Si trattava di una tumefazione d’origine tumorale, che portava con sé già i primi segni di un aggravamento, per la comparsa di cellule metastatiche ai danni di altri organi. Ma il rammarico per l’appressarsi della fine della tua esistenza era da Te vissuta come una stoica liberazione, poiché su di essa ti esprimevi scrivendo con pacatezza: “Non pare che la mia vita debba essere lunga; ma è forse meglio così, perché nelle condizioni attuali non posso far nulla e diventa sempre più difficile procurarsi il minimo necessario per l’esistenza, sebbene l’intelligenza, la memoria e la resistenza al lavoro siano quelle di sempre”.

La descrizione degli ultimi attimi della tua vita, ce l’ha trasmessa il tuo amico, discepolo e primo biografo, Giulio Parise che ce la ha comunicata esattamente in questo modo:

Il primo giorno del mese di Luglio del 1946, lo spi¬rito di Arturo Reghini scioglieva i legami corporei e pas¬sava nell’Eterna Luce. Era la quinta ora pomeridiana. Il segno era apparso. Arturo Reghini si volse, al Sole declinante per l’ultimo saluto, per l’ultimo rito; poi si appoggiò con la destra al vicino scaffale, piegò la gigan¬tesca statura verso la Gran Madre, ed eretto il busto; fu libero”.

In una recente biografia scritta su di Te ed edita dalla storica casa editrice Atanòr, l’Autore assimila questa descrizione della tua morte alla stregua di un “racconto sacro…dal solenne epilogo”. Sempre secondo l’Autore, queste notizie sarebbero servite a creare strumentalmente quell’alone di mitizzazione della tua figura che sarebbe dovuta scaturire di lì a poco, fra i tuoi ammiratori ed agiografici conoscenti, facendoti toccare quasi l’apoteosi di un “eroe greco”, con la conseguente tua “trasformazione in un disincarnato semidio”.

Ritengo di poter affermare al contrario, che quella “epica” descrizione di Parise fu determinata da diversi fattori, ma è da escludere in modo categorico che questi siano stati di natura agiografica o di mitopoiesi.
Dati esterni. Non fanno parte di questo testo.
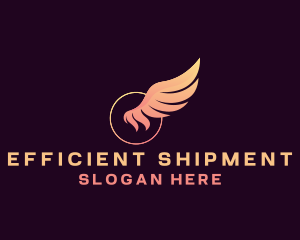 Wing Flight Logistics logo design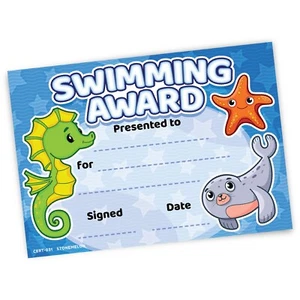 30 Certificates Swimming Award school teacher instructor rewards A5 Certs - Picture 1 of 8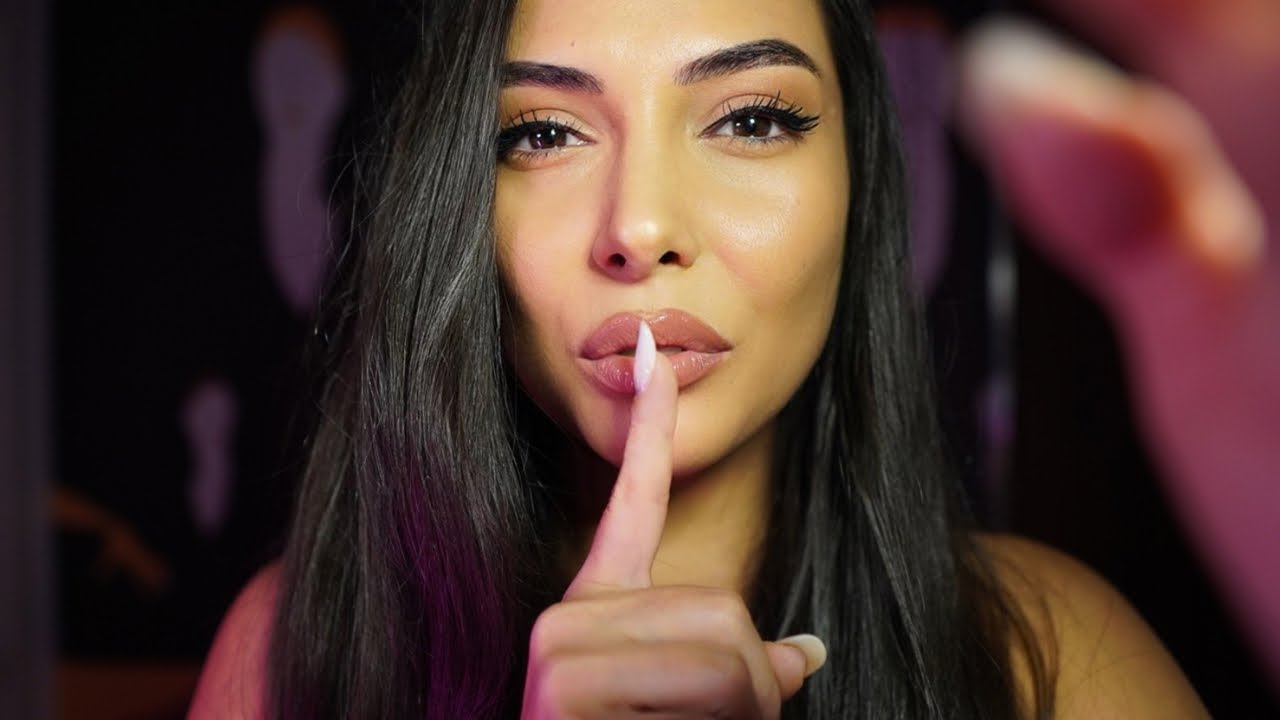 ASMR ❤️ Personal Attention Face Touching & Hand movements [positive thinking]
Tra l’altro, saresti stato tu stesso il primo – non è vero, Arturo? – a non apprezzare il tentativo di farti passare per un Guru, per un Maestro o per chissà quale altra cosa.

Tomba di Arturo Reghini nel cimitero di Budrio, prima della traslazione dei suoi resti nel loculo.
Tomba di Arturo Reghini nel cimitero di Budrio, prima della traslazione dei suoi resti nel loculo.

In una tua lettera, inedita per noi fino a pochi mesi or sono, avevi scritto molto chiaramente cosa pensavi del malvezzo di esaltare la figura del proprio maestro spirituale, da parte dei suoi discepoli. Dicevi a questo proposito: “A questa venerazione non è prudente dare eccessiva importanza, perché la tendenza alla esaltazione del Maestro è comune a tutte le scuole e se nel [caso] di Pitagora o di Laotzeu, di Mazzini o di Rama Krisna può ritenersi giustificata, in altri casi è sicuramente immeritata.”

Al di là di questo, penso dunque che Parise ebbe ben chiaro in mente di evocare nel lettore un profondo rispetto, destandogli un’emozione pari almeno a quella evidentemente provata da lui stesso per essere rimasto “orfano” – diciamo così – del suo illustre maestro. Sia detto poi qui per inciso: quello che scrisse Parise all’indomani della tua morte e sugli ultimi momenti della tua vita, era il puro e semplice resoconto di quanto ne aveva riferito l’unico testimone oculare lì presente che, come ben sai, fu la prof. ssa Camilla Partengo.

È evidente che lo scopo che dettò a Parise quelle scarne ma emblematiche parole, fu quello di conservare il più a lungo possibile la memoria della tua esemplare grandezza, fortezza umana e pitagorica insieme, che erano state in te sempre d’altissimo livello, né mai ti fecero difetto. Inoltre quei supremi momenti sarebbero dovuti essere, e potuti servire di monito e d’augusto esempio a chiunque abbia oggi come ieri, profonde e sincere velleità nel campo della spiritualità e della metafisica.

Carissimo Arturo, concludo qui questa mia lettera apponendovi un messaggio che spero sia augurale: voglio uscire dal fideismo religioso che oggi vela più che mai le iniziatiche Istituzioni e come Te ed insieme a Te, perseguire la vera Via Tradizionale. Sperimentare per Conoscere e non per credere. Praticare in silenzio gli Antichi Detti, poiché mai come oggi… le Carte sono davvero piene.